Zim stage Contemporary Art Schools Exhibition

At the Gallery
The National Gallery of Zimbabwe has staged an art exhibition entitled Contemporary Art for Schools exhibition specifically tailored to meet the needs of the ‘O’ level Art Curriculum. Artistic works have existed for almost as long as human kind.

Artistic works have existed for almost as long as humankind, from early pre-historic art contemporary art. The main thrust of the exhibition is to complement the teacher’s resources in the art classroom.

The term contemporary art is loosely used to refer to art of the present day and of the relatively recent past, of an innovatory or avant-garde nature.

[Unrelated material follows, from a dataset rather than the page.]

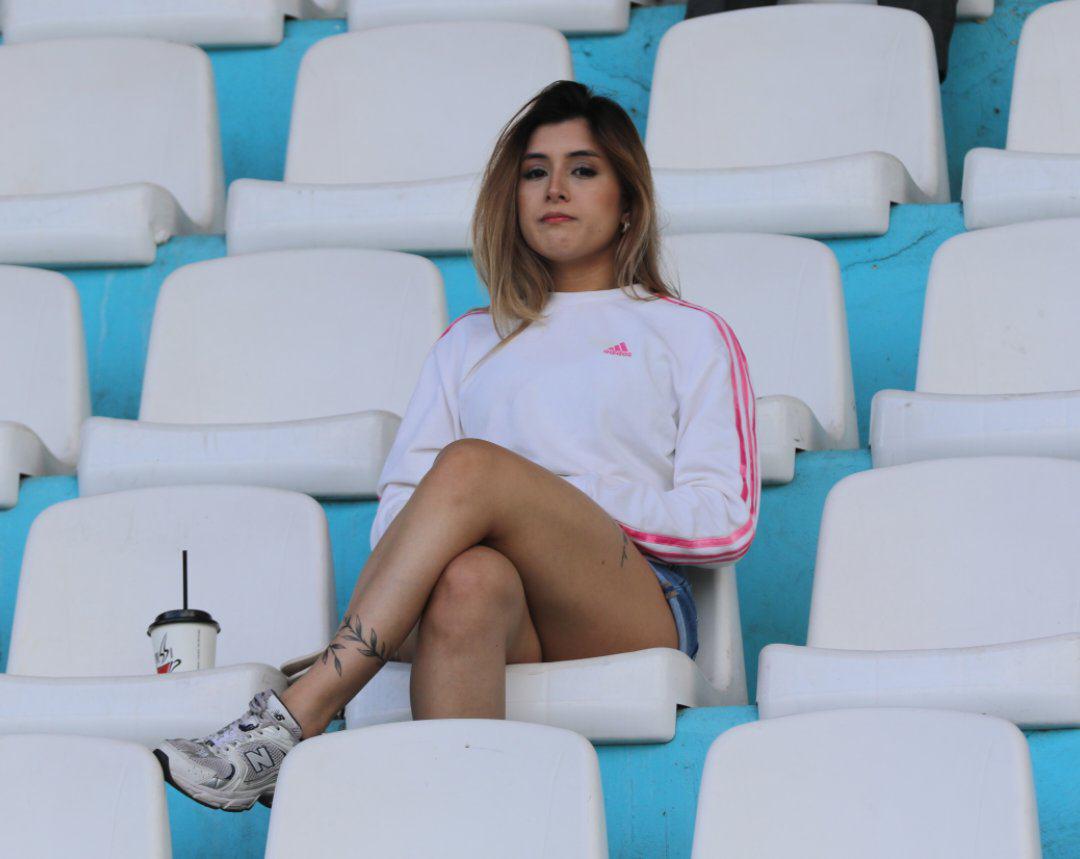 ¡Belleza sobresale en el Nacional! Olimpia y Marathón juegan, pero ellas se llevan todas las miradas en el clásico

The art is a dynamic combination of materials, methods, concepts, and subjects that challenge traditional boundaries and defy easy definition. Diverse and eclectic, contemporary art as a whole is distinguished by the very lack of a uniform, organising principle, ideology.

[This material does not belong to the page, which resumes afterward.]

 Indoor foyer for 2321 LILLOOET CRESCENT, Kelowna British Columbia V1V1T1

The oldest documented forms of art are visual, such as creation of images or objects including painting, sculpture, printmaking, photography, and other visual media.

Art has a polysemous nature hence interpretation differs according to demographic factors such as religion, political affiliation and other societal characteristics.

This exhibition explores a select group of Zimbabwean artists in the National Gallery of Zimbabwe’s Permanent Collection who produced artworks that were significant to their time and have work that speaks to the art curriculum in schools.

The National Gallery of Zimbabwe is a Culture Institution where culture is preserved through exhibitions. Its permanent collection has several collections representing diverse cultures. With the advent of the new Curriculum Introduced by the Ministry of Primary and Secondary education in 2017 culture will be preserved, promoted, and transmitted from generation to generation much more vigorously and effectively.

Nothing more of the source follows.